# Oil question



## fiddler_red (May 9, 2007)

Ok, I've finally got the hang of this. I put this thread in the wrong place. Please forgive my redundancy! (I'm new to the car, but to posting threads as well)

One more time:

I've been reading on this forum many members that swear by using synthetic oil but only after break in. I bought a GTO recently and put just 1500 miles on her. This car has the Mobil 1 synthetic oil that all LS2's ship with. Should I change it to a regular oil and then go through the break in process again before switching back to synthetic? If so, which oil should I use and for how many more miles?

Please advise me, many here are well versed in all of this and I'm new to it all. It's my first new car, I don't want to screw it up! Thanks for all your input.


----------



## coolhandgoat (Nov 2, 2006)

Well, unless I am wrong they don't actually have Mobil 1, they have a synthetic blend... which my service writer told me was slightly different stuff. Of course, I have heard others say that it's just a GM part # for Mobil 1 :willy: So, short answer: I don't know. I know I ran the GM stuff for the first two oil changes (2500 and 5000 respectively) and then switched to real Mobil 1.


----------



## GTO JUDGE (May 14, 2005)

*Keep using Mobil 1. 

If the car "needed" regular oil for break-in, regular oil would have been put in it from the git go, followed by an advisory requiring a switch to Mobil 1 afterwards.

If keeping Mobil 1 in the car and not using regular oil would foul something up, then most of us are in trouble.

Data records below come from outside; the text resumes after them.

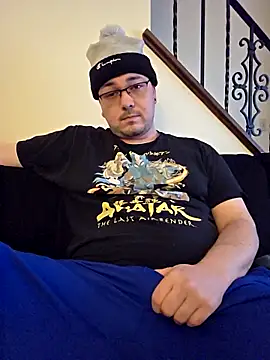 Snapshot of cmichaelxxx chatting on 18, 3, 2025 cmichaelxxx online show from 18, 3, 2025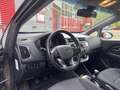 Kia Rio 1.2 CVVT Super Pack CLIMA | AIRCO | CRUISE| Bruin - thumbnail 11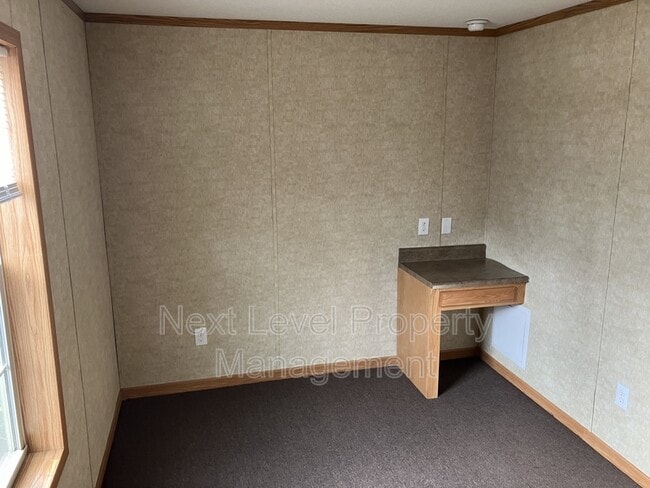 Building Photo - 2115 U.S. Hwy 2 E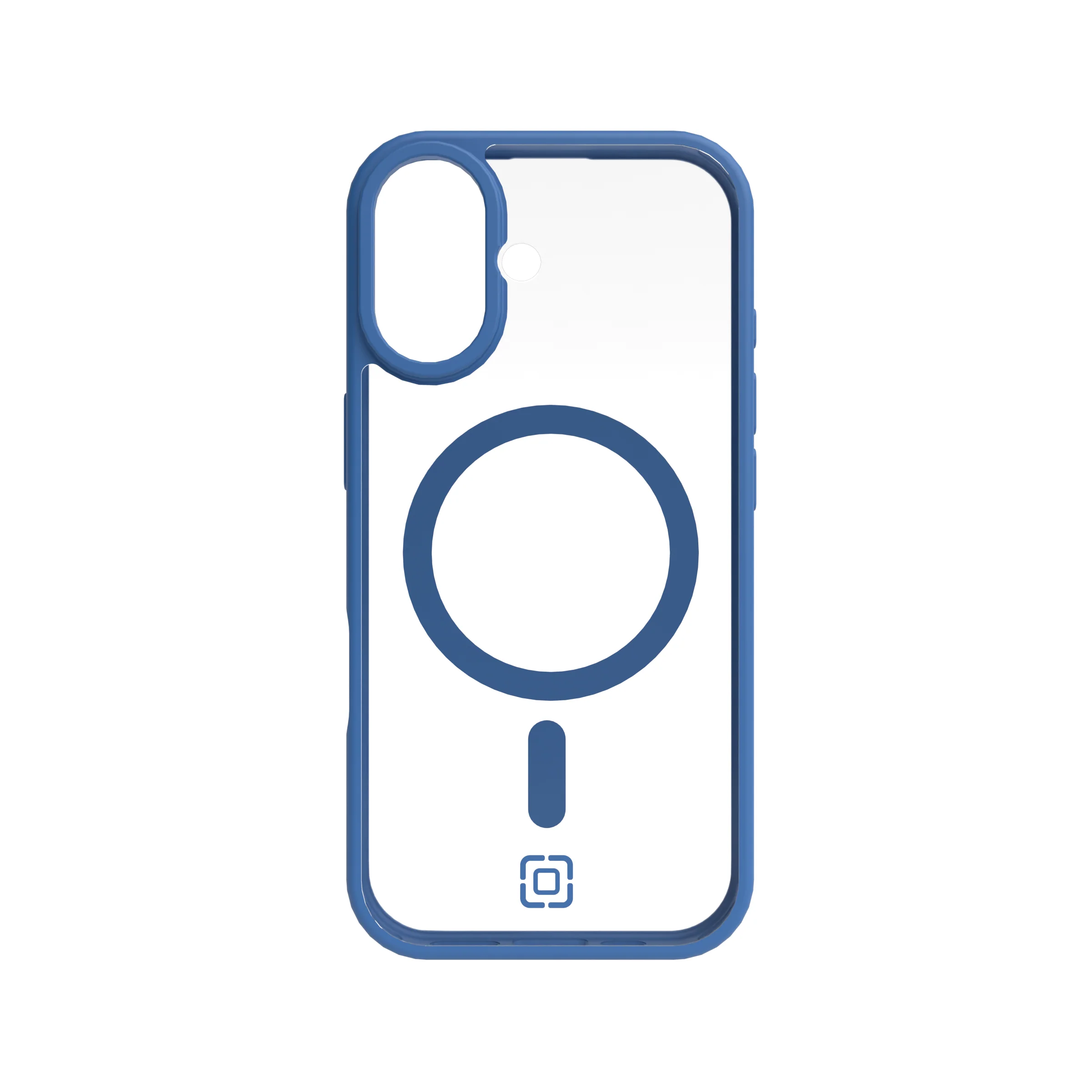 Incipio Velocity for MagSafe for iPhone 17 - Image 8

Besides, I like others leave the dealership change the oil, and if it was necessary to use regular oil then they'd a made the switches and told us why. The owners manual states nothing of this anyway.*


----------



## silversport (Mar 23, 2007)

...and Porsche, Chevrolet, Pontiac, Chrysler, etcetera, etcetera, etcetera would be paying out a LOT in warranty repairs...Mobil 1 here...used in 2001 Corvette, 2002 Avalanche, 2005 Mazda 6s and GTO...no worries yet...
Bill


----------



## silversport (Mar 23, 2007)

...and Aston Martin...and Mercedes Benz/AMG...and Cadillac...
Bill


----------



## bigcountry (Mar 28, 2007)

I just changed my oil, and just put regular Mobil 1 in it. You don't have to put synthetic oil in till the engine is broke in good, like 10,000 miles or so.


----------



## Guest (Jun 7, 2007)

*Oil*

I just purchased a pre owned GTO a few weeks ago and the dealer told me they just put Mobile 1 when they got it . I used AMSOIL in my Subaru


----------



## TR GTO (Mar 17, 2007)

GTO judge said:


> *Keep using Mobil 1.
> 
> If the car "needed" regular oil for break-in, regular oil would have been put in it from the git go, followed by an advisory requiring a switch to Mobil 1 afterwards.
> 
> ...


No kidding. Tolerances are much different in modern motors than they were 30-40 years ago and the break in procedure is not as long and as extensive as it used to be.


----------



## Subdriver (Dec 28, 2004)

fiddler_red said:


> I've been reading on this forum many members that swear by using synthetic oil but only after break in. I bought a GTO recently and put just 1500 miles on her. This car has the Mobil 1 synthetic oil that all LS2's ship with. Should I change it to a regular oil and then go through the break in process again before switching back to synthetic? If so, which oil should I use and for how many more miles?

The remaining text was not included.